**WHAT THE TASK ASKS**.
Your answer must be the exact lines below, starting with the line with "3D Flower Applique" and going on through the line with "5G technology icon", both included, with no pictures.

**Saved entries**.
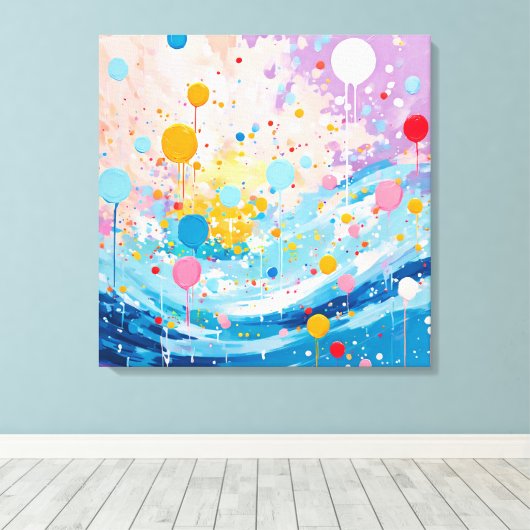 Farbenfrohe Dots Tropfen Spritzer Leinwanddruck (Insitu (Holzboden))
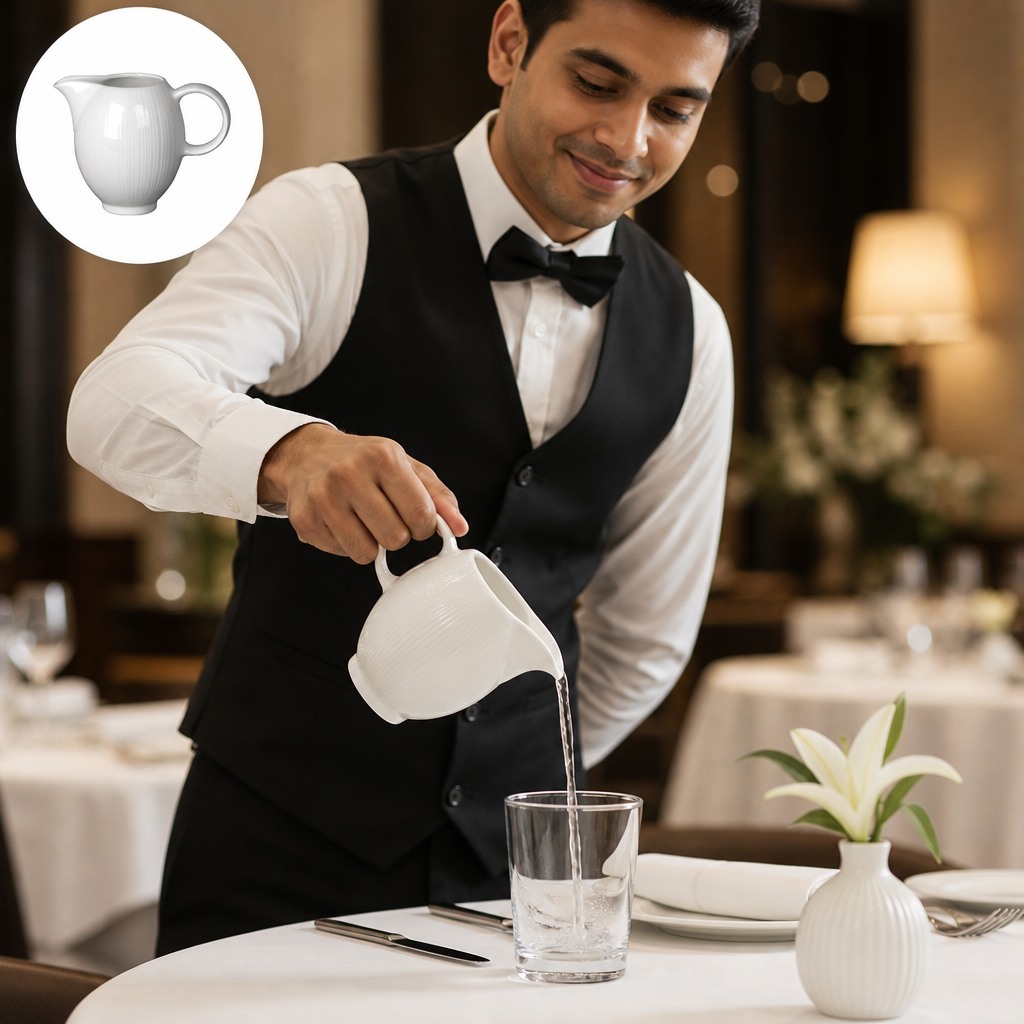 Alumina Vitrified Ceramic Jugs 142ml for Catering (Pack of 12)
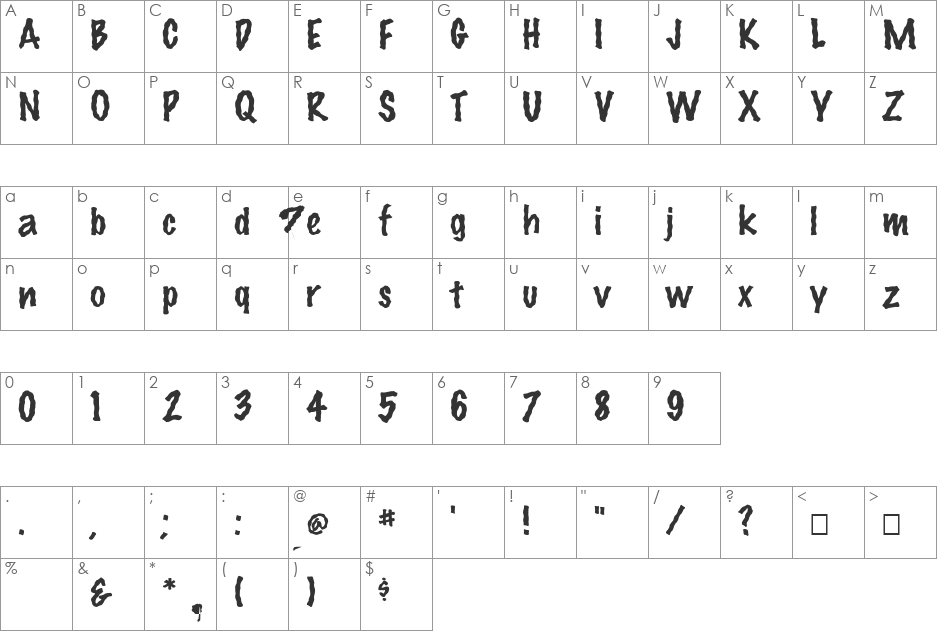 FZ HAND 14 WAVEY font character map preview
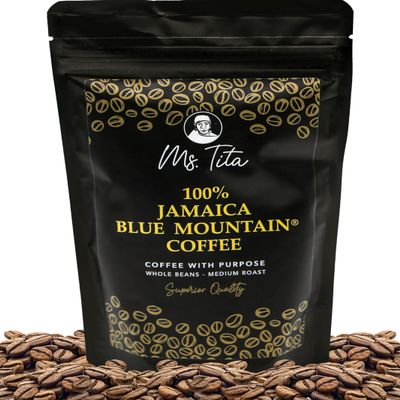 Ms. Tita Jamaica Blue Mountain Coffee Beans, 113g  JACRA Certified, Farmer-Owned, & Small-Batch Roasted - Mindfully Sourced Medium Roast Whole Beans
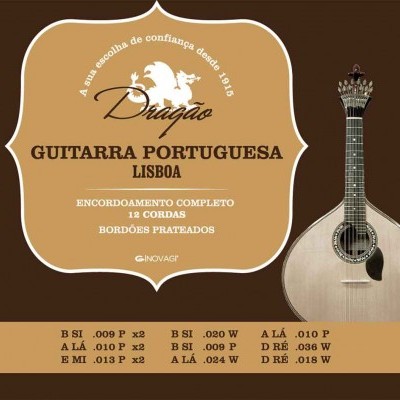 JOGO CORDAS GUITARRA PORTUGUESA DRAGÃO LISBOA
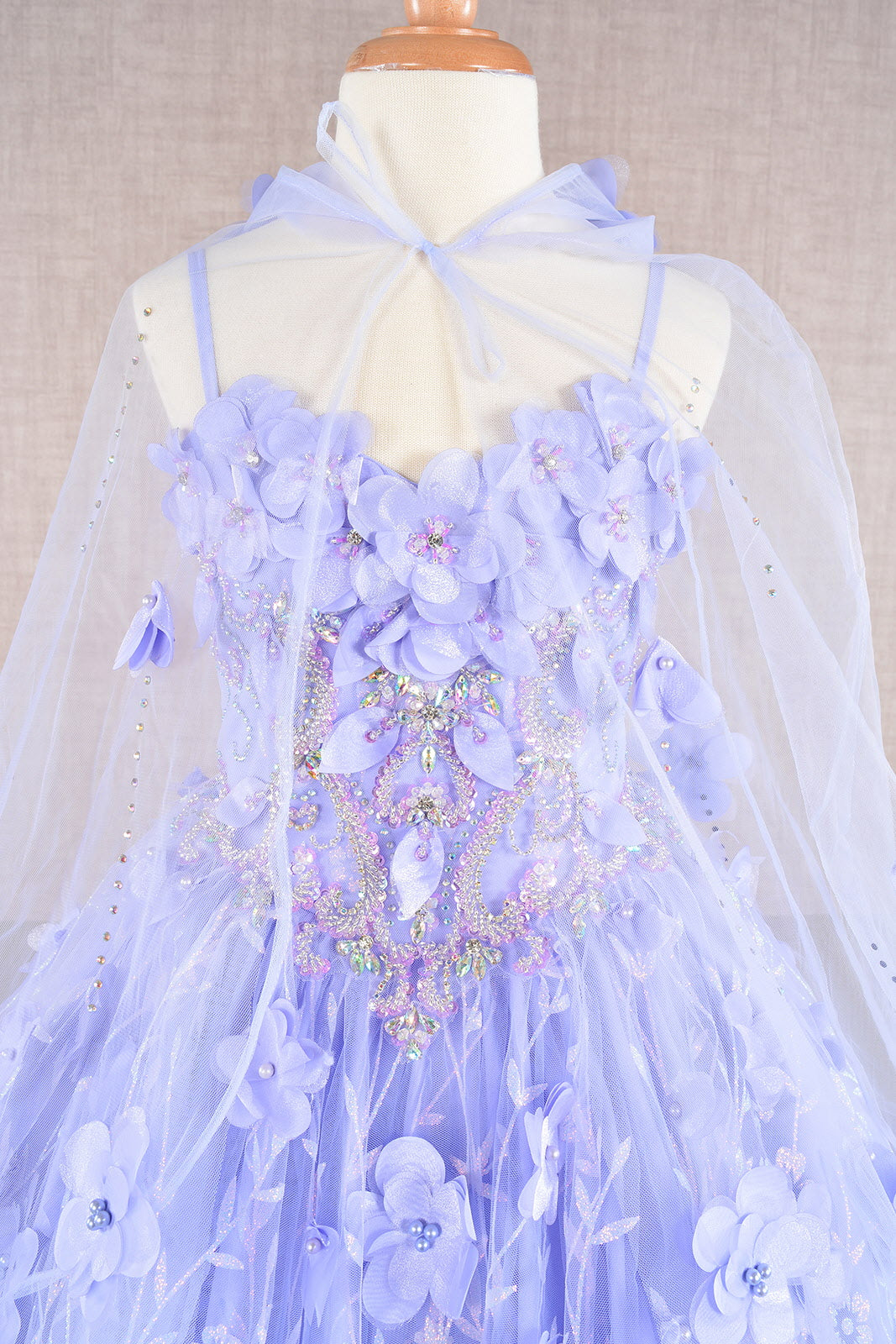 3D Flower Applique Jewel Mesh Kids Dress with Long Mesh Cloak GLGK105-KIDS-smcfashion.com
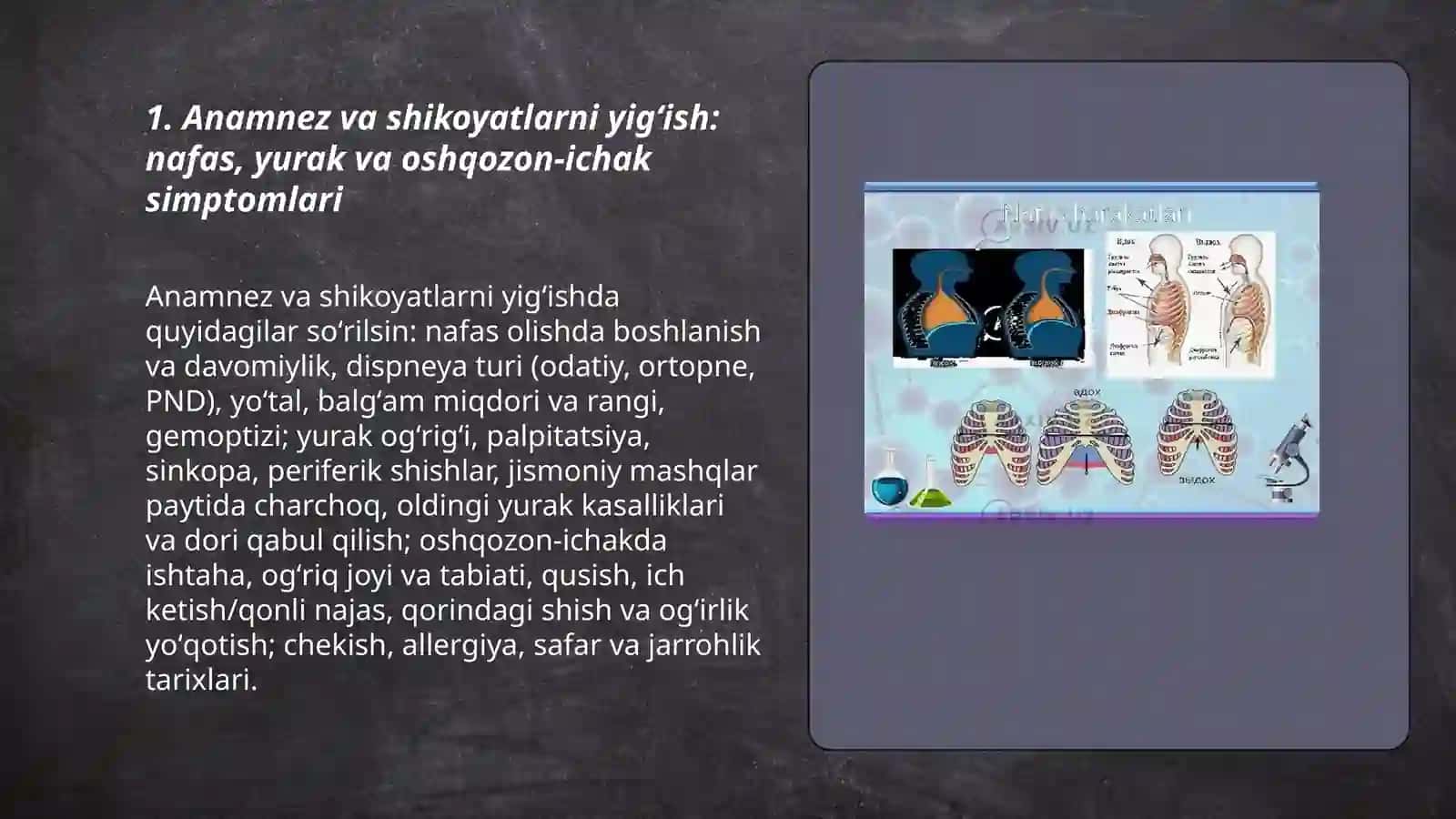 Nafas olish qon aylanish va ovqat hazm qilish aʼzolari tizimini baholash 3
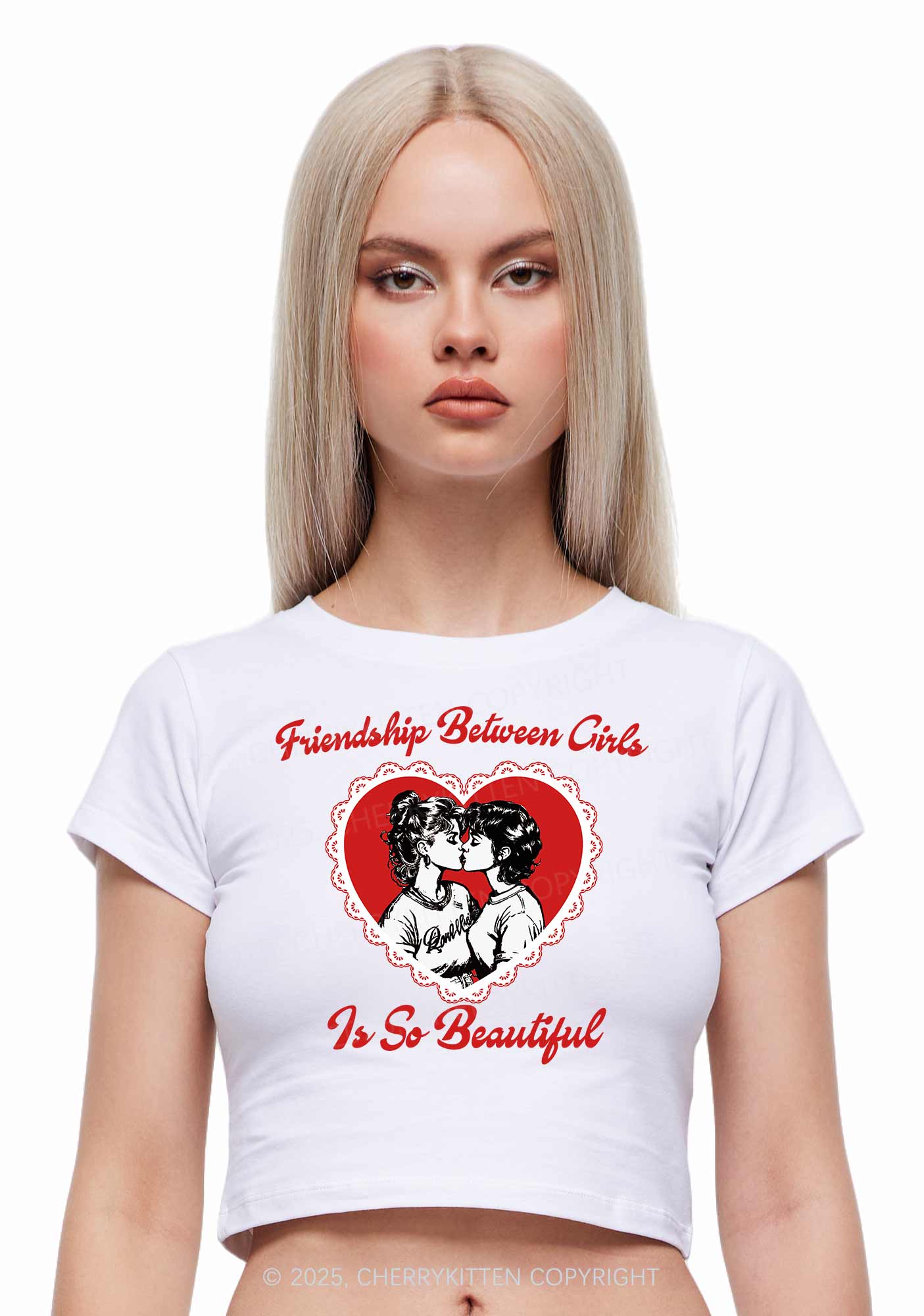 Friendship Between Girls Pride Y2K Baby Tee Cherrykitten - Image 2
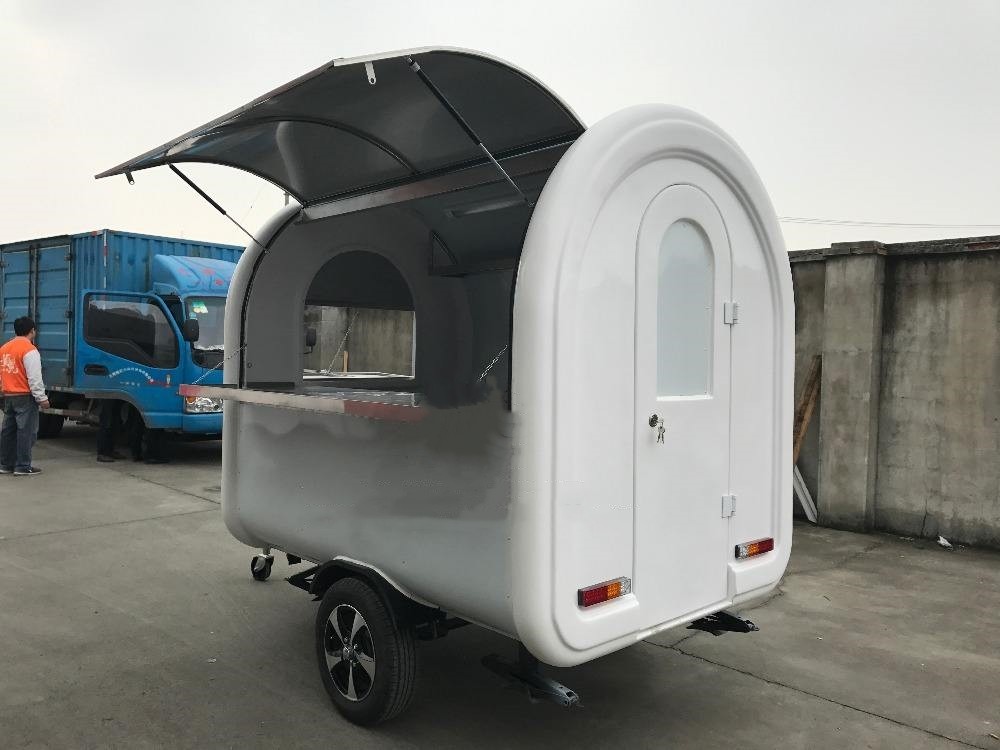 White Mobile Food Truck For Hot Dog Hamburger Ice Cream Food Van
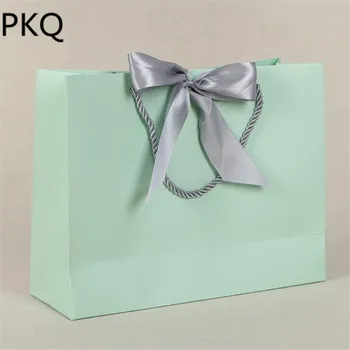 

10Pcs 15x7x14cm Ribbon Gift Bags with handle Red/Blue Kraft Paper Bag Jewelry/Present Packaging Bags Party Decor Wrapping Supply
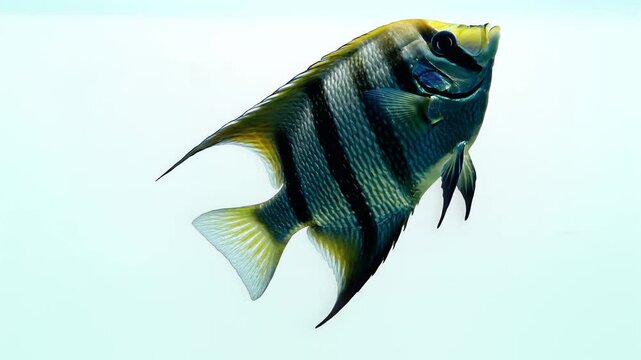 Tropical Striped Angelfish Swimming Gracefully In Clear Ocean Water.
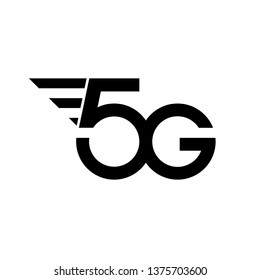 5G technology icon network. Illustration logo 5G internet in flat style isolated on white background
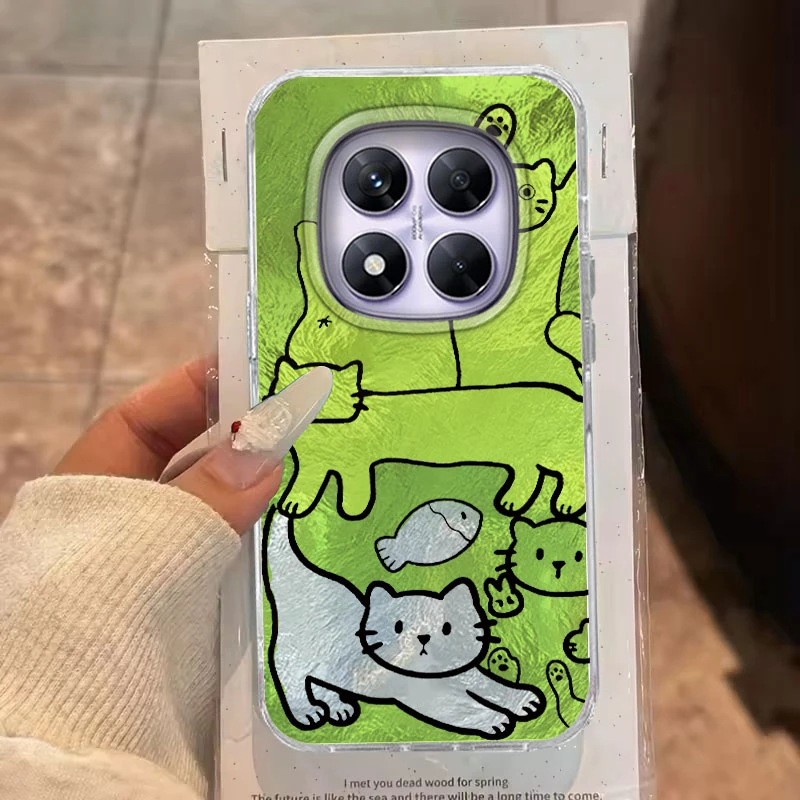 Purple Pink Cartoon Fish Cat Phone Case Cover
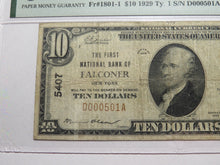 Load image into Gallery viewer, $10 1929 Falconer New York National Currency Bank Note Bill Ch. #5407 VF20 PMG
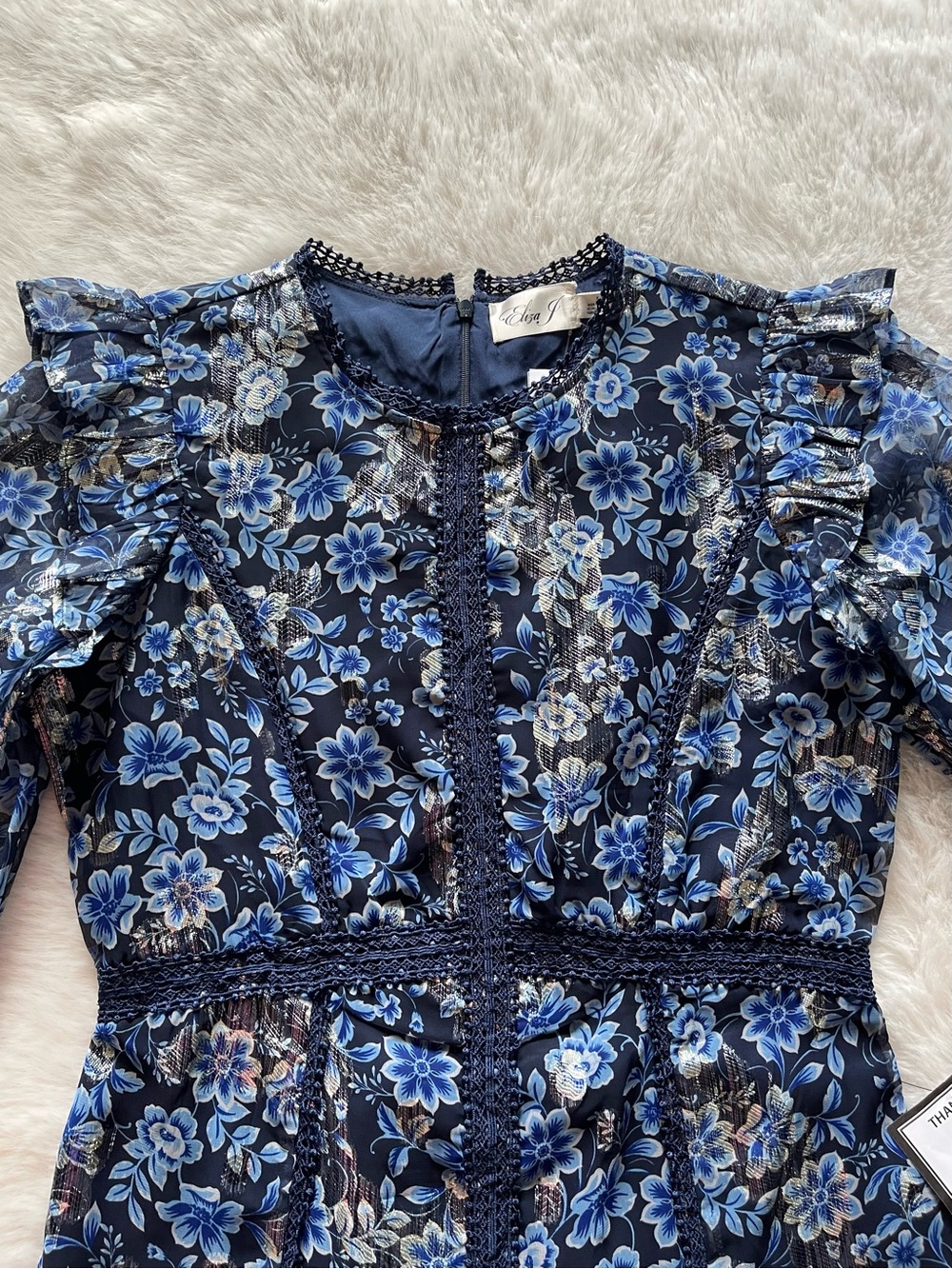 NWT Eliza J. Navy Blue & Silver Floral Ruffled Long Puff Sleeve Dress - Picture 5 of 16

**SOLUTION**.
 3D Flower Applique Jewel Mesh Kids Dress with Long Mesh Cloak GLGK105-KIDS-smcfashion.com
 Nafas olish qon aylanish va ovqat hazm qilish aʼzolari tizimini baholash 3
 Friendship Between Girls Pride Y2K Baby Tee Cherrykitten - Image 2
 White Mobile Food Truck For Hot Dog Hamburger Ice Cream Food Van

10Pcs 15x7x14cm Ribbon Gift Bags with handle Red/Blue Kraft Paper Bag Jewelry/Present Packaging Bags Party Decor Wrapping Supply
 Tropical Striped Angelfish Swimming Gracefully In Clear Ocean Water.
 5G technology icon network. Illustration logo 5G internet in flat style isolated on white background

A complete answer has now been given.